Sensor modality extensions include:
- Partial-invariant EKF MSCKF (PIEKF-VIWO), which increases consistency by only embedding rotation and velocity in Lie group structure, circumventing errors from position linearization in classical formulation (Hua et al., 2023).
- LiDAR-inertial odometry (MSC-LIO), utilizing plane-feature tracking and temporal delay compensation in a frame-to-frame multi-state constraint paradigm (Zhang et al., 10 Jul 2024).
- Magnetic-inertial odometry, where temporal constraints from local magnetic field models augment inertial navigation to improve velocity and position estimation in GPS-denied indoor environments (Li et al., 19 May 2025).
6. Applications and Implications
MSCKF and its variants are widely adopted in autonomous aerial vehicles, fast ground robots, and real-time mobile SLAM systems. Core application domains include:
- Resource-constrained robotic platforms, such as micro aerial vehicles, where minimal CPU and memory footprint is essential (Sun et al., 2017, Abdollahi et al., 2022).
- High-dynamics navigation, requiring robust performance under aggressive maneuvers, variable scene geometry, and modest sensor quality, exemplified by fast indoor/offboard flights at velocities up to 17.5 m/s (Sun et al., 2017).
- GPS-denied and unstructured environments, including urban, indoor, forested, and underground settings, where vision or LiDAR must replace global position fixes (Sun et al., 2017, Abdollahi et al., 2022, Zhang et al., 10 Jul 2024, Li et al., 19 May 2025).
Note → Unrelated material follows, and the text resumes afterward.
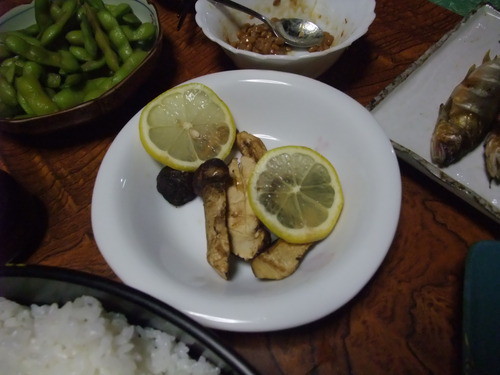 ご馳走様！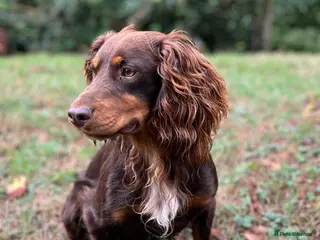 Cocker Spaniel dogs HEALTH TESTED KC COCKER SPANIEL STUD - Advert 9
- Real-time cross-sensor odometry, extending to wheel, LiDAR, and magnetic sensor fusion, for indoor infrastructure, warehouse robots, and low-cost IoT devices (Hua et al., 2023, Zhang et al., 10 Jul 2024, Li et al., 19 May 2025).
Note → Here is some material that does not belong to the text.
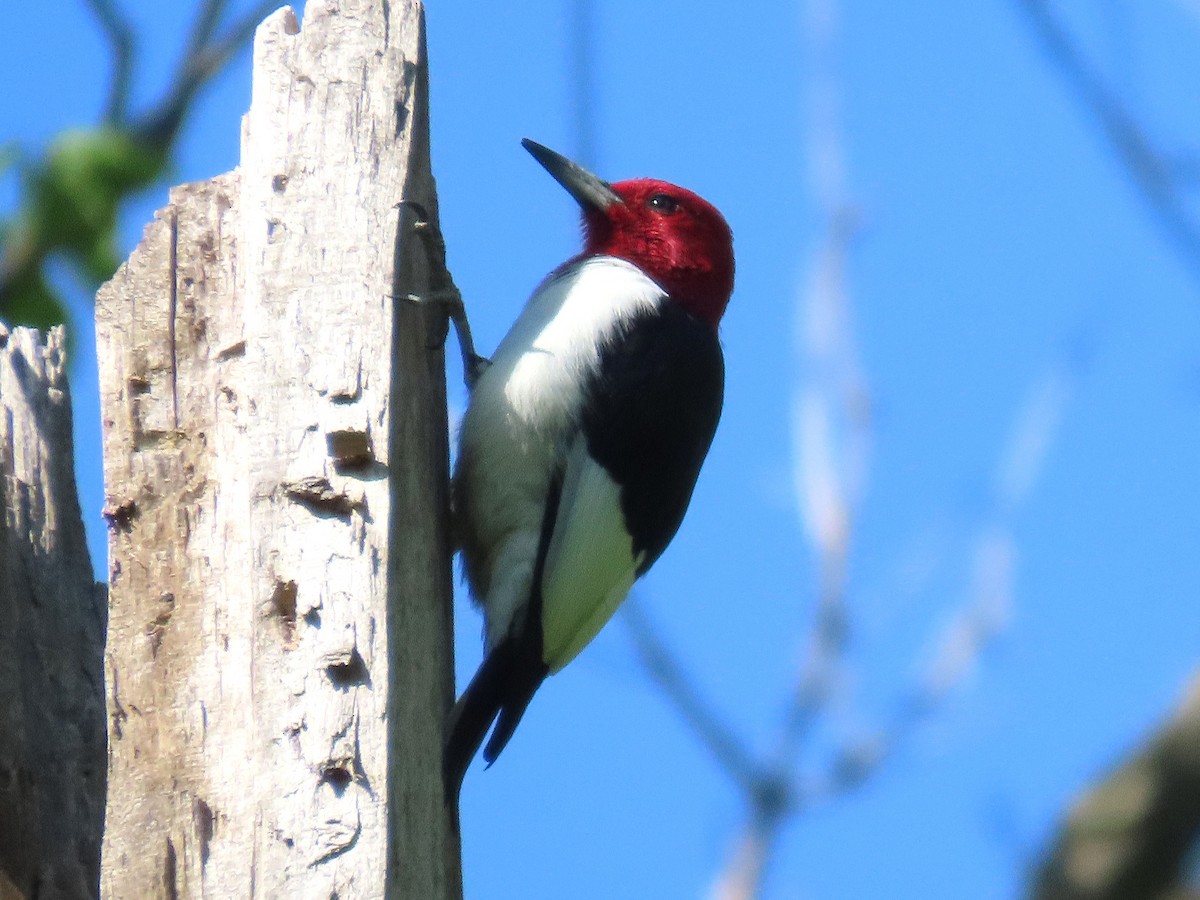 Red-headed Woodpecker - ML633981381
- Robotics research, where rigorous analysis of filter consistency, observability, and trade-offs is required for algorithm benchmarking and system design.
7. Limitations and Future Directions
While MSCKF provides computational efficiency, limitations include potential accuracy degradation due to linearization errors—especially when update strategies (delayed vs. immediate) are not matched to problem characteristics (Zhang et al., 4 Nov 2024). The immediate update strategy improves consistency and tightens covariance at additional computational cost, motivating adaptive strategies for window and feature management (Zhang et al., 4 Nov 2024).
PO-MSCKF’s (Du et al., 2 Jul 2024) pose-only formulation mitigates linearization errors introduced by 3D reconstruction, and achieves superior performance in challenging, large-depth environments.
MSCKF’s filtering approach, though efficient, is in general slightly less accurate than full-optimization (bundle adjustment) methods, especially in environments with abundant visual structure. However, hybrid and modular frameworks allow tuning along the filtering–optimization spectrum (Saxena et al., 2021).
Continued development includes:
- Fusion with diverse sensors for enhanced observability.
- Theoretical analysis of robustness and convergence in highly dynamic or degenerate scenes.
- More sophisticated data association and outlier handling for real-world applicability (Hua et al., 2023, Zhang et al., 10 Jul 2024).
- Integration with equivariant, invariant, or unscented filtering for improved uncertainty representation (Zhang et al., 4 Nov 2024).
MSCKF and its lineage remain critical to practical VIO and related estimation systems, establishing a foundation for robust and efficient multi-sensor fusion in resource-limited, high-dynamics, or perceptually challenging environments.